> **Exercise prompt**:
Copy exactly the lines of the data below that run from the line holding "La exdiputada de Vox, Macarena Olona." through the line holding "House for rent: 8848", both ends included.
Start of Block
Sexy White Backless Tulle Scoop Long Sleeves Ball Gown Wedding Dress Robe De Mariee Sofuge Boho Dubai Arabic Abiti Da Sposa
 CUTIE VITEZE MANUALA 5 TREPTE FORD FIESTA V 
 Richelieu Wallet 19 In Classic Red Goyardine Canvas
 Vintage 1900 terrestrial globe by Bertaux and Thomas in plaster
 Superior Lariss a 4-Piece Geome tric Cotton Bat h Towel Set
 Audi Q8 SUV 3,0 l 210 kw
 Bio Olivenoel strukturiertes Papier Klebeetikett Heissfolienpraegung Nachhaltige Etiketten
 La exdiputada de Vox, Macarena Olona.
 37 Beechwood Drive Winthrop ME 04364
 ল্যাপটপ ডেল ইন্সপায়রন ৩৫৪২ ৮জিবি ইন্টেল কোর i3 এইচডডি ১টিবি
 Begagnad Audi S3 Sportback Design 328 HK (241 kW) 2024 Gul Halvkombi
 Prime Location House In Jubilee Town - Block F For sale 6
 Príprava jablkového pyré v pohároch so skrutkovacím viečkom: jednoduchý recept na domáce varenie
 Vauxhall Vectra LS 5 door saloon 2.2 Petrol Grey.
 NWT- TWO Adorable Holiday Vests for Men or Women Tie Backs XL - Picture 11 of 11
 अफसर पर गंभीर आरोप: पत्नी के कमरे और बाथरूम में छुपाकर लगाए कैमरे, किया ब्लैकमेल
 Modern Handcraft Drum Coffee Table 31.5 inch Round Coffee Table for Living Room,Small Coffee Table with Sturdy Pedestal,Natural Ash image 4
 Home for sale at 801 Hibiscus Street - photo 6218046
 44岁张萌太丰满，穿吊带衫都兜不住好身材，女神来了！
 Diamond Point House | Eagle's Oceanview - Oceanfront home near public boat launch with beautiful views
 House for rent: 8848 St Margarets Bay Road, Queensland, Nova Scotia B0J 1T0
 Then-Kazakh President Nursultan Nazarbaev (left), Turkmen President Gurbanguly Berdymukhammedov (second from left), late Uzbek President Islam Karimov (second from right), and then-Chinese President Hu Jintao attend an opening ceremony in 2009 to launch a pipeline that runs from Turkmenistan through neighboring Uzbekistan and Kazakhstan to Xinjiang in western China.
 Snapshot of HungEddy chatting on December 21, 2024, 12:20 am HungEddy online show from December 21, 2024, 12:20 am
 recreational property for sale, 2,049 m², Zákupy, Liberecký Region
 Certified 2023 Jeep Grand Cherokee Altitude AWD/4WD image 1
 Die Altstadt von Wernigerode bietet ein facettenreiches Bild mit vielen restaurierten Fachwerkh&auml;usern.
End of Block
> **Response box**:
 La exdiputada de Vox, Macarena Olona.
 37 Beechwood Drive Winthrop ME 04364
 ল্যাপটপ ডেল ইন্সপায়রন ৩৫৪২ ৮জিবি ইন্টেল কোর i3 এইচডডি ১টিবি
 Begagnad Audi S3 Sportback Design 328 HK (241 kW) 2024 Gul Halvkombi
 Prime Location House In Jubilee Town - Block F For sale 6
 Príprava jablkového pyré v pohároch so skrutkovacím viečkom: jednoduchý recept na domáce varenie
 Vauxhall Vectra LS 5 door saloon 2.2 Petrol Grey.
 NWT- TWO Adorable Holiday Vests for Men or Women Tie Backs XL - Picture 11 of 11
 अफसर पर गंभीर आरोप: पत्नी के कमरे और बाथरूम में छुपाकर लगाए कैमरे, किया ब्लैकमेल
 Modern Handcraft Drum Coffee Table 31.5 inch Round Coffee Table for Living Room,Small Coffee Table with Sturdy Pedestal,Natural Ash image 4
 Home for sale at 801 Hibiscus Street - photo 6218046
 44岁张萌太丰满，穿吊带衫都兜不住好身材，女神来了！
 Diamond Point House | Eagle's Oceanview - Oceanfront home near public boat launch with beautiful views
 House for rent: 8848 St Margarets Bay Road, Queensland, Nova Scotia B0J 1T0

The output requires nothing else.